Both ends included, restate word for word the lines from the first line of the listing through the line containing "將圖片載入圖庫檢視器 CITYBREEZE 防皺經典奶油白色長袖襯衫". Leave the pictures out.
* * * * *
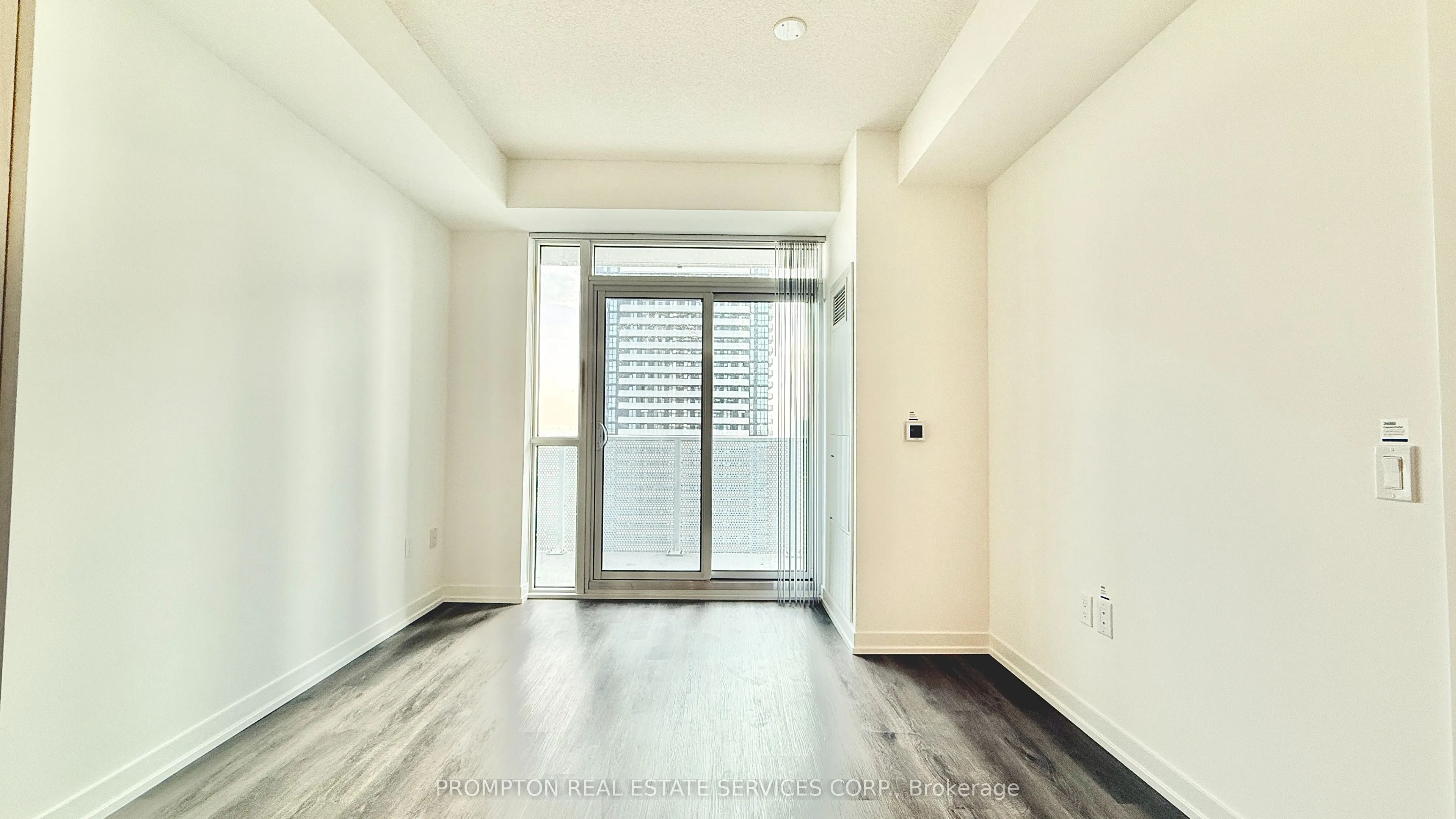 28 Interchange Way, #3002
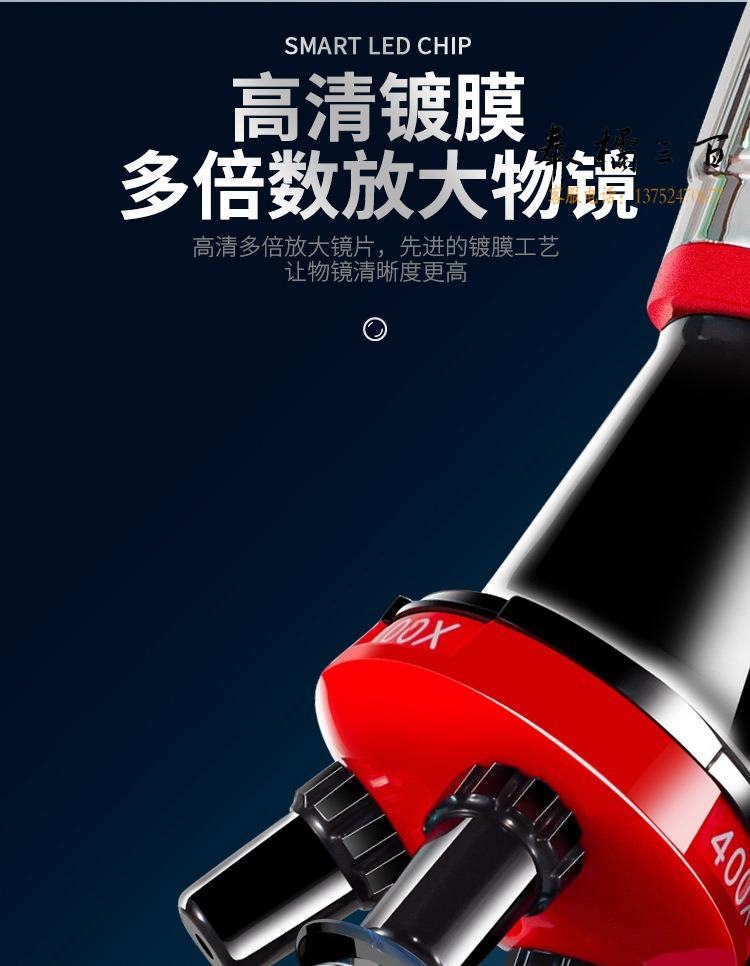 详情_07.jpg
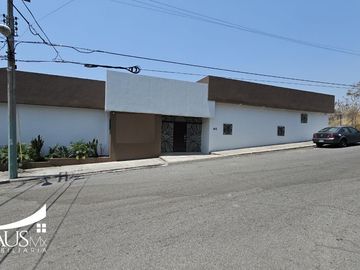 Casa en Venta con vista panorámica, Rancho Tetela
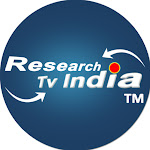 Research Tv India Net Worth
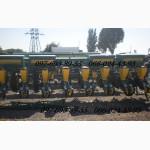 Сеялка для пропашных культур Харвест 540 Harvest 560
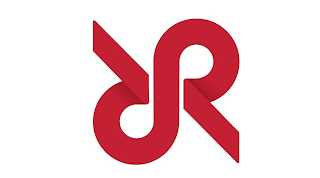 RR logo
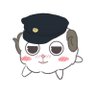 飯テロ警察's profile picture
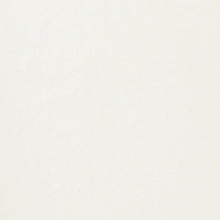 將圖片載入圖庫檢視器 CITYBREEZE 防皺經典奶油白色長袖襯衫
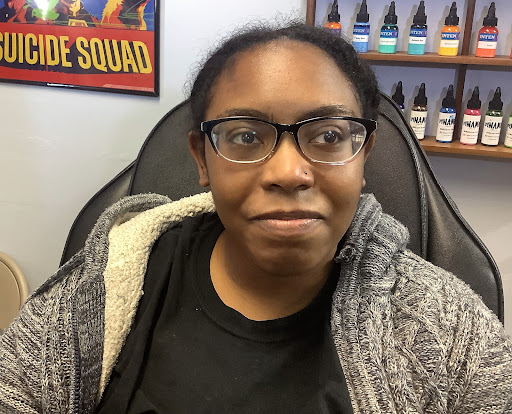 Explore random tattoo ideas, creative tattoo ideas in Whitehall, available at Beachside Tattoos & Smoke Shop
* * * * *
## SOLUTION
 28 Interchange Way, #3002
 详情_07.jpg
 Casa en Venta con vista panorámica, Rancho Tetela
 Research Tv India Net Worth
 Сеялка для пропашных культур Харвест 540 Harvest 560
 RR logo
 飯テロ警察's profile picture
 將圖片載入圖庫檢視器 CITYBREEZE 防皺經典奶油白色長袖襯衫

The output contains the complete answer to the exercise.